キミノオト

「お待たせしました。優麻ちゃんリクエストのハンバーグです」

各々自室でお風呂を済ませ、海音の部屋に行くと、すでに夕食の用意をしてくれていた。

じゃーんと見せてくれたプレートは、まるでカフェのご飯のようにおしゃれで、彩りも栄養バランスも考えられている。

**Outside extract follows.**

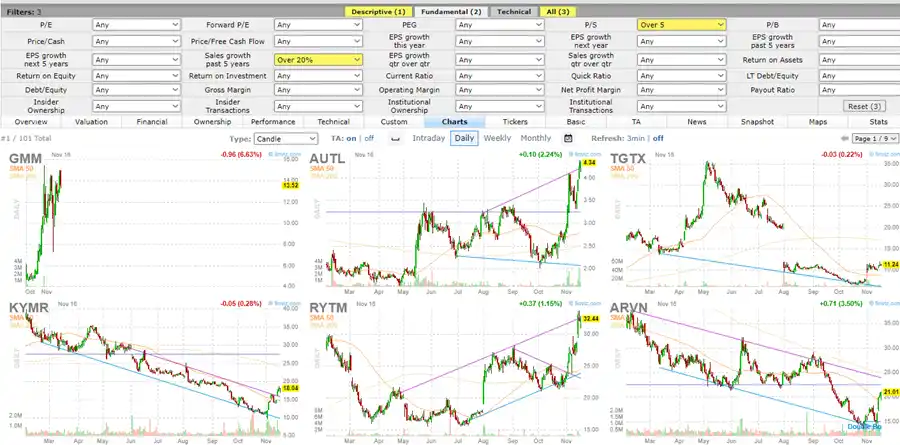 find small capac stocks to trade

「ありがとう!おいしそう!食べよ食べよ!いただきまーす」

SNS用の写真をパパっと撮って、冷めないうちに早速ハンバーグをぱくり。

「うんまーい!!!!天才!」

私の言葉に、照れながらも嬉しそうな顔を見せる海音。

天使…

かわいいし料理上手だし。

本当、私が男なら迷わずプロポーズしてるわ。

私はここで、帰り道に考えた作戦を決行することに。

「ところで、明日は何曜日でしょうか?」

「土曜日だよ」

「てことは、仕事お休みだね」

「そうだね?」

私の質問に困惑した顔をする海音。

そんな顔もかわい…じゃなくて

「じゃーん!チケットとっちゃいました!明日行くよ!」

私は得意げにスマホに表示されたwebチケットを見せた。

有名なテーマパークのもので、海音の大好きな場所だ。

地元にいたころは、少し距離があるから今日明日で気軽に行けるものではなかったけど、電車1本で行ける距離にきたんだし、少しで
も気が晴れるといいなって。

大きな瞳をさらに大きくして、驚いている海音。

「え、明日?」

「そう!朝から晩まで楽しもう!」

「うん!行きたい!ありがとう」

海音は嬉しそうに笑って、何がしたいか、早速考えているようだった。

少しでも気が紛れてくれたらいいな。

ご飯を食べ終えた私たちは、他愛もない話をした後、同じベッドで眠りについた。